Burundi’s progress toward democracy and stability has suffered serious setbacks, as political upheaval and widespread killings by security forces and armed opposition groups gripped the country.
In April, demonstrations broke out in response to the news that President Pierre Nkurunziza would seek election for a third term. Police used excessive force and shot demonstrators indiscriminately, killing and injuring scores of people.
The government launched a crackdown against civil society activists and journalists and closed the four most popular private radio stations. Leading human rights activist Pierre Claver Mbonimpa was seriously injured in an assassination attempt.
Around 200,000 Burundians fled the country, most to Tanzania and Rwanda. Dozens of journalists, civil society activists, and opposition party members remain in exile.
Killings escalated after July’s presidential election that returned Nkurunziza to power. Most opposition parties boycotted the election. Government forces, armed opposition groups, and unknown assailants killed more than 100 people in the second half of the year.

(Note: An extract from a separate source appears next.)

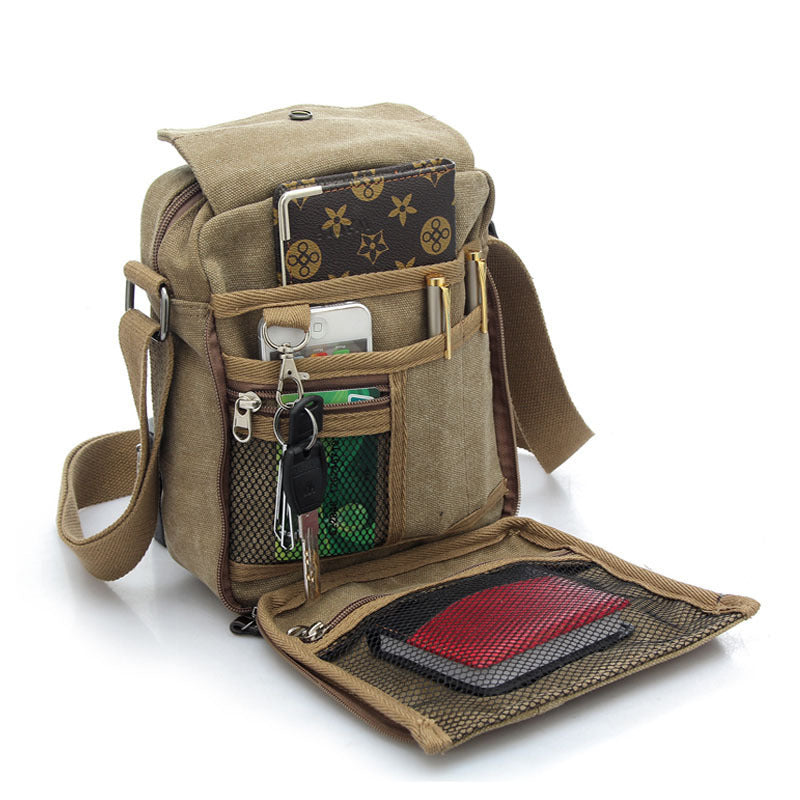 Men's canvas messenger bag, view 6 - MRSLM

In late April, the announcement by the ruling National Council for the Defense of Democracy-Forces for the Defense of Democracy (CNDD-FDD) that Nkurunziza would stand for a third term ignited protests in the capital Bujumbura, and later in other locations. Many Burundians complained that the president’s third term violated a 2000 peace agreement that sets a maximum of two five-year presidential terms. Police suppressed the protests violently, shot dead dozens of demonstrators, and injured many others.
Following a failed coup d’état by a group of military officers on May 13, the government intensified its crackdown on protesters. Police arrested hundreds of people, including suspected opponents, many arbitrarily, and detained them for prolonged periods without trial.
Police and intelligence agents ill-treated or tortured scores of those arrested, in some cases making them stand on their heads, and beating them with electric cables while naked to force them to admit they were leaving the country to join an armed rebellion. Members of the ruling party’s youth league, known as Imbonerakure, also arrested and beat people, despite not having legal powers of arrest.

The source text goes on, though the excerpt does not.